Saturday, 24 October 2009

Anglican Ordinariate ... or Catholic "flying bishops"?

I haven't really known what to make of the announcement earlier this week of a forthcoming Apostolic Constitution to allow for "ordinariates" for Anglican converts. In some ways, we cannot be sure of the full implications until we see the details of the Apostolic Constitution itself.

The fullest explanation of the juridical implications as they have emerged so far is, I think, this one. From a canon lawyer, of course. It is an interesting exemplification of the idea that Canon Law is "applied ecclesiology"! Fr Boyle's post also includes links to some of the other coverage on the blogs. There is also some useful comment at Valle Adurni, particularly among the numbered points towards the end of his post.

My own thoughts:

1. I recall a lunch time conversation once with an Anglican priest, who expressed the feeling that he felt very unwelcomed by the Catholic Church's discipline that did not allow non-Catholics to receive Holy Communion if they attended Mass. This contrasts with the Anglican rule which is that, provided you are in good standing with your own denomination, you can recieve at an Anglican service. Taking the opportunity of a mouthful of food to think on my feet, I responded along the lines that, for the Roman Catholic, communion is not just social but about what is believed to be true and right (and, I would want to add with the benefit of hindsight, about a physically visible communion with the Bishop-in-communion-with-the Holy See). The problem with the C of E is that talking to one part of it is not talking to the whole, so the idea of "communion" as in "the Anglican communion" is at root a social idea - no other underpinning idea of "communion" can be held across all its different parts.

2. Another conversation I had some time ago with a convert to Catholicism from Anglicanism painted a picture of ideas of "corporate" moves to Rome along the following lines. "Are you going to join?" "No." "Oh, well, I won't then". Or, in reverse: "If you join, I will. Shall we ask Sheila (name made up!) if she is going to join as well?" It was a rather jolly picture of tea and cake in the parish hall; again, rather more to do with the social than with religious conviction. So I ended up not at all convinced by the possibilities of whole Anglican parishes converting and retaining their parish identities in the Roman Catholic Church.

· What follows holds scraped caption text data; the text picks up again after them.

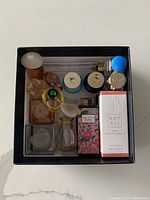 Top-down photo of the open black Prada box containing 16 assorted miniature perfume bottles of various shapes and colors, some boxed.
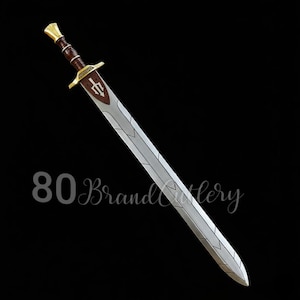 May include: A silver and brown sword with a gold hilt and a brown handle. The blade has a decorative design. The sword has a brown emblem on the guard. The text "80 Brand Cutlery" is at the bottom.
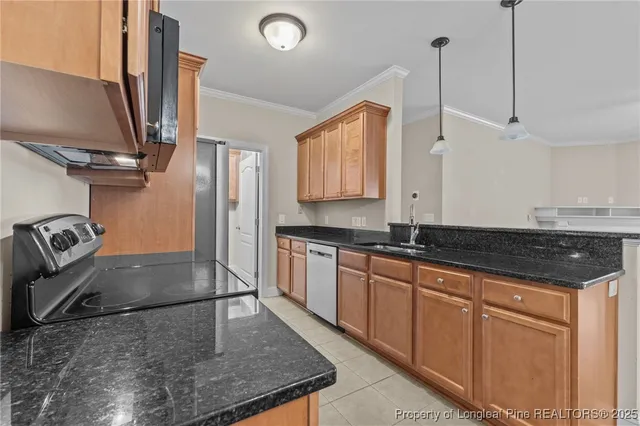 a kitchen with granite countertop a sink and cabinets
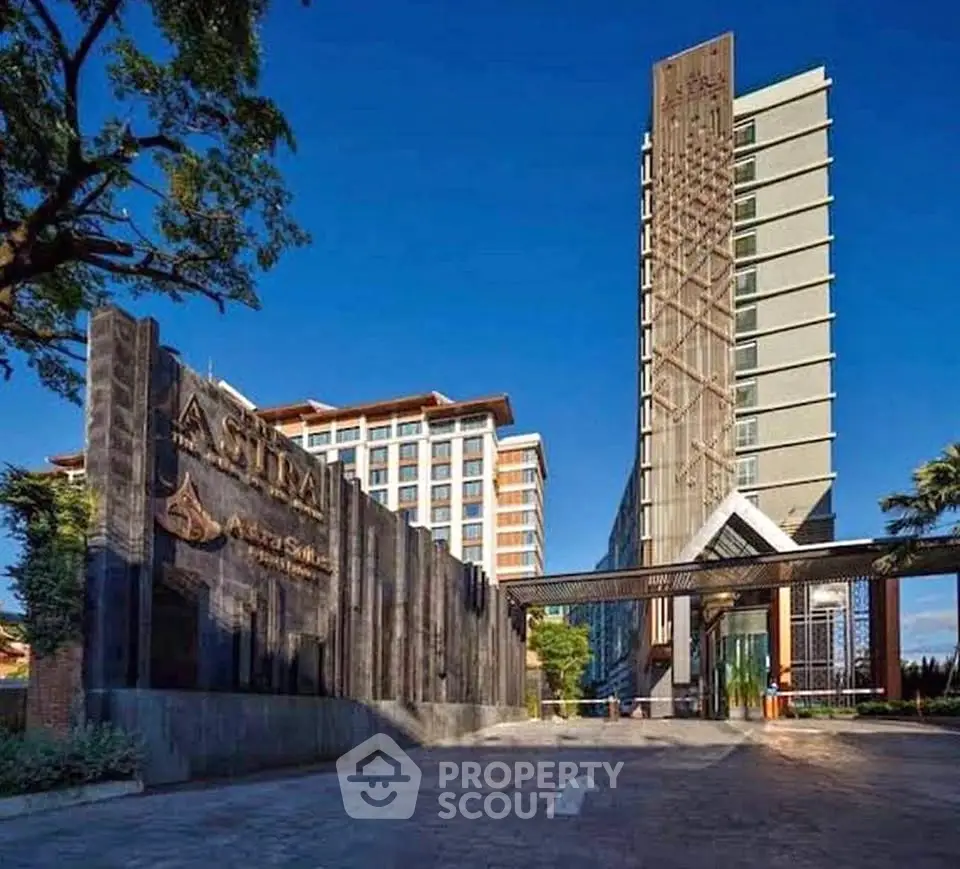 Stunning modern high-rise building with elegant entrance and lush surroundings.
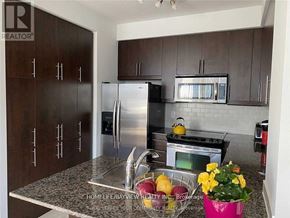 Toronto (Willowdale East) condo for rent - A kitchen with a refrigerator, stove, and microwave.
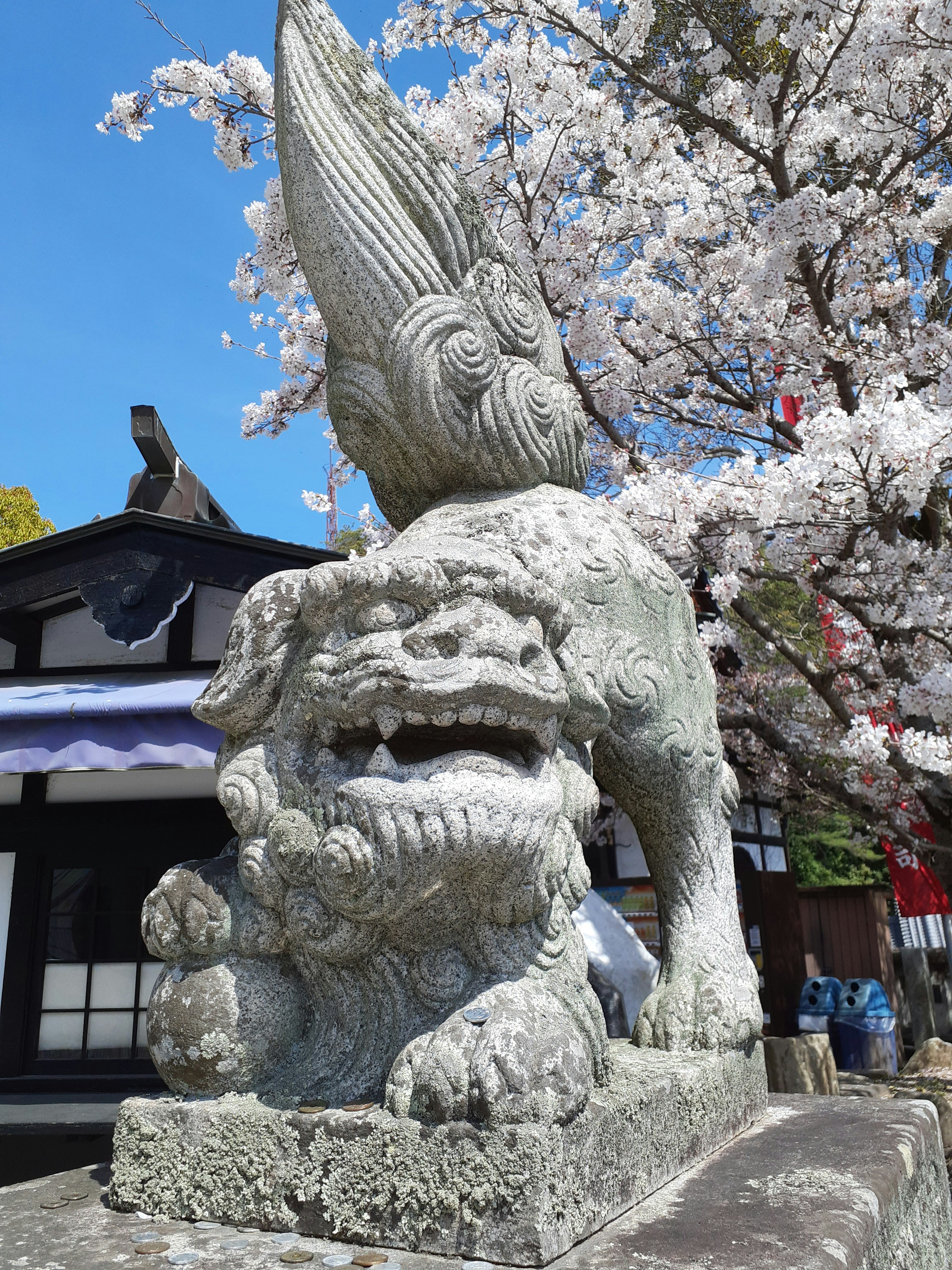 Stone lion statue with a winged figure beside cherry blossom trees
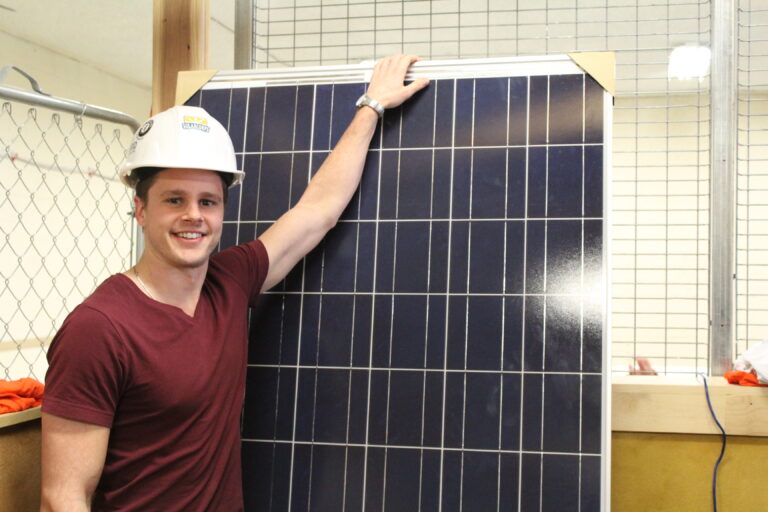 Young man in hard hat and maroon shirt holds a solar panel and smiles at camera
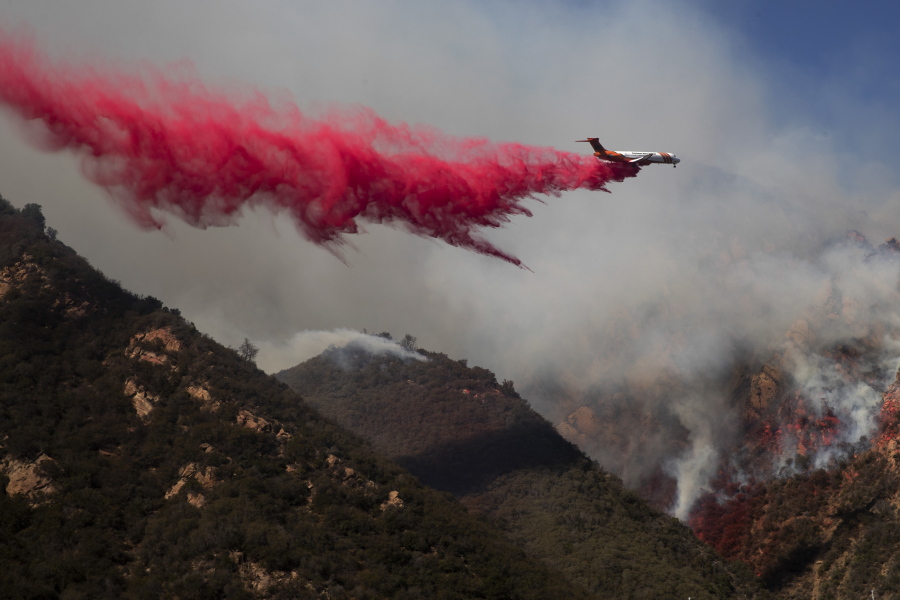 A plane drops fire retardant on a burning hillside Sunday, Nov. 11, 2018, in Malibu, Calif. (AP Photo/Jae C.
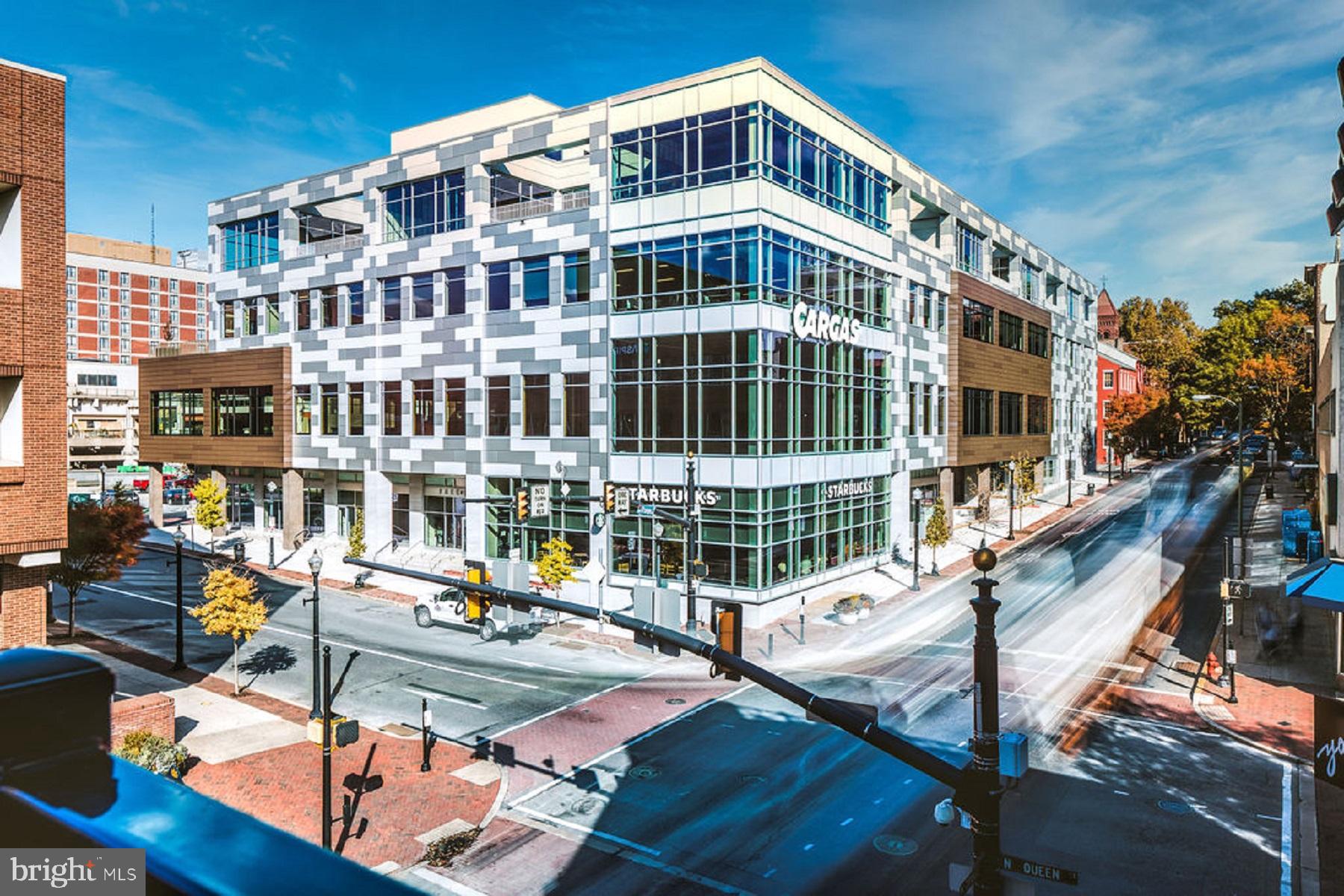 a front view of a building with street view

3. Again, some time ago I visited a "high Church" Anglican parish - and, almost physically, felt a sense of "acting" like Rome, but, at heart, remaining totally and utterly Anglican in spirit. It's the very idea that the same Church can contain completely contradictory beliefs with regard to teaching and morals and consider that normal. The "high Church Anglican" / "Anglo-Catholic" is in this sense as thoroughly Anglican as the "broad Church" / "low Church" Anglican.

I know this doesn't sound very welcoming to Anglicans who are looking to make use of the new possibilities created by Anglican Ordinariates. And I know it does not fairly represent those Anglicans who genuinely search for truth, and are more and more coming to see that truth of Christian revelation in the Roman Catholic Church. But I think it does lead me to two conclusions:

4. The process of establishing an Ordinariate is, if I understand it correctly, to be undertaken by the Roman Catholic Church - the Holy See in consultation with the relevant Bishops Conferences. I have not understood it to mean that organisations such as the Traditional Anglican Communion (though they may have more claim to the possibility than other organisations), Forward in Faith or individual Anglican parishes will, in themselves, become Ordinariates. This retains the sense of conversion that I feel is still necessary. An Anglican movement that becomes Roman Catholic, but remains Anglican in spirit in the sense outlined above, will sooner or later evaporate.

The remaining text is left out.